A simpler capture depends entirely on the gear: a cheap USB adapter throws much of the picture away and lands at only a few gigabytes a tape, while a proper archival capture that keeps everything the tape still holds is nearer 50 gigabytes. Audio cassettes saved at full quality are smaller again. So the real question under “how big is my archive” is “how much video have I got, and how well do I want to keep it”.

That gives you roughly four sizes of problem, and they are genuinely different problems:

Your archiveWhat that usually meansRoughly what cloud costsThe obvious answer
Up to ~20 GBA modest collection of scanned photos and documentsProbably freeFree space you already have, or MEGA’s free tier
~20 GB to ~2 TBA decent photo library, maybe a little video~US$20 to US$120 a yearA fixed consumer plan such as Internxt, pCloud or Google One
~2 to ~5 TBA fair amount of captured video~US$70 to US$180 a yearStorage you rent by the terabyte, like Hetzner or MEGA S4
~5 terabytes and upA serious tape archive at high qualityClimbs past several hundred a year, and never stopsA box of your own, nearer US$150–200 a year once power is counted

Three numbers in that table are where everything changes. The first is around fifteen or twenty gigabytes, where the free space you already have runs out, though “free” deserves an asterisk: a Google or Apple allowance fills quietly with phone photos and mail, so it’s worth thinking in terms of the extra room the archive needs rather than the headline figure. If you’d rather keep the archive clear of all that, MEGA gives around 20 gigabytes on an account of its own, which is enough for a tidy photo collection and has nothing to do with your phone.
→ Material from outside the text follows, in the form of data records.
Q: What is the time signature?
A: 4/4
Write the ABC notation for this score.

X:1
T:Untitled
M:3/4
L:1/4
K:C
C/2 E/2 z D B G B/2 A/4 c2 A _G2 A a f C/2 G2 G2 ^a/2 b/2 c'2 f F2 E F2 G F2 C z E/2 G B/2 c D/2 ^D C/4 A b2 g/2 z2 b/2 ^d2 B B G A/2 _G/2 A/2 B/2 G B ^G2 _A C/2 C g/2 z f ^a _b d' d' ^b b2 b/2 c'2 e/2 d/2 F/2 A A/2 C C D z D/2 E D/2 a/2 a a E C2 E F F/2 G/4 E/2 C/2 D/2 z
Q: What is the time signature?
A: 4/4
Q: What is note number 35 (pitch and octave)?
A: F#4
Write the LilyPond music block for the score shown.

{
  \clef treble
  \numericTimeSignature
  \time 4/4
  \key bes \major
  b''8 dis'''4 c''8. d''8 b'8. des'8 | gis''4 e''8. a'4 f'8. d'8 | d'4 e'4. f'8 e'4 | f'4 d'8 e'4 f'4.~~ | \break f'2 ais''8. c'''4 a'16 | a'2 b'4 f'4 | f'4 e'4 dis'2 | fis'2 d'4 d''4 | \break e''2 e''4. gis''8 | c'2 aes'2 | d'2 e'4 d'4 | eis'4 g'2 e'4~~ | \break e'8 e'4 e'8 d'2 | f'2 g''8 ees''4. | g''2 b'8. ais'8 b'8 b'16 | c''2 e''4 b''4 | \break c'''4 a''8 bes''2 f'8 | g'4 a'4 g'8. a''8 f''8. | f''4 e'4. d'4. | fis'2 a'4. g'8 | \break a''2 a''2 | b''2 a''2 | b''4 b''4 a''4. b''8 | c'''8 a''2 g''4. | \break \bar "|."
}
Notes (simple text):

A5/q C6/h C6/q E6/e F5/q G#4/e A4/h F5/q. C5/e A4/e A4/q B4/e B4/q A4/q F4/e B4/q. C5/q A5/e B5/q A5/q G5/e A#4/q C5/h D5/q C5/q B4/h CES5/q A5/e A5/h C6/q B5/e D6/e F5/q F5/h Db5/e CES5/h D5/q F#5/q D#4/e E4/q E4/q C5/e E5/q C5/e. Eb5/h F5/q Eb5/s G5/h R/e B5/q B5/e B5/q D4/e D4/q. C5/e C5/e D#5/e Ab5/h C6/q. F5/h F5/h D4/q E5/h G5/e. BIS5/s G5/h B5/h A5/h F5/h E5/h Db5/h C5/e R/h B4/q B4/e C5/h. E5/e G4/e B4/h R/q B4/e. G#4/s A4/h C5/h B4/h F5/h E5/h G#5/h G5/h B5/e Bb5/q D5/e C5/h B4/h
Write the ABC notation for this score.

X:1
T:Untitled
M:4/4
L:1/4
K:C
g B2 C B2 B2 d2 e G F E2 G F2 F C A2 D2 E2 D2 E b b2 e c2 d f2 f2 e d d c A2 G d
The second is around two terabytes, the size people often call “small” when it is nothing of the sort: a substantial archive, still affordable, but a real bill that arrives every year for as long as you keep it. The third, and the one this whole article turns on, is somewhere around five to ten terabytes, depending on what you count. That is the point where owning the hardware starts to cost less than renting it, and by the tens of terabytes it isn’t close. It isn’t a perfectly clean line, for reasons I come to under the costs below, but the direction of travel isn’t in doubt.

So keep your own rough figure in mind as you read. Everything below changes shape depending on whether you’re protecting twenty gigabytes, two terabytes or fifty.

Where the cloud stops making sense

It helps to be clear about the job this off-site backup actually does, because the cloud especially is sold as one simple thing and stops being simple the moment a family archive is involved. Its role is narrow. It’s the copy that stays in sync with the working archive on your main drive at home, so that when a new batch of scans or captures lands, the off-site copy catches up on its own rather than waiting for you to remember it. That’s a different job from the spare drive in the cupboard, which isn’t trying to keep in sync and earns its keep precisely because it spends its life unplugged.

The two sit at different points in the chain and neither replaces the other.

Take cost first, because it’s the thing that catches people out. Keeping an entire serious archive copied to the cloud costs somewhere between a few hundred and a few thousand dollars a year, every year, for as long as the archive exists, and very few families will keep paying that. The ones who start usually stop quietly a few years in, which is the worst outcome of all because nothing announces it. So the cloud really only makes sense in two situations.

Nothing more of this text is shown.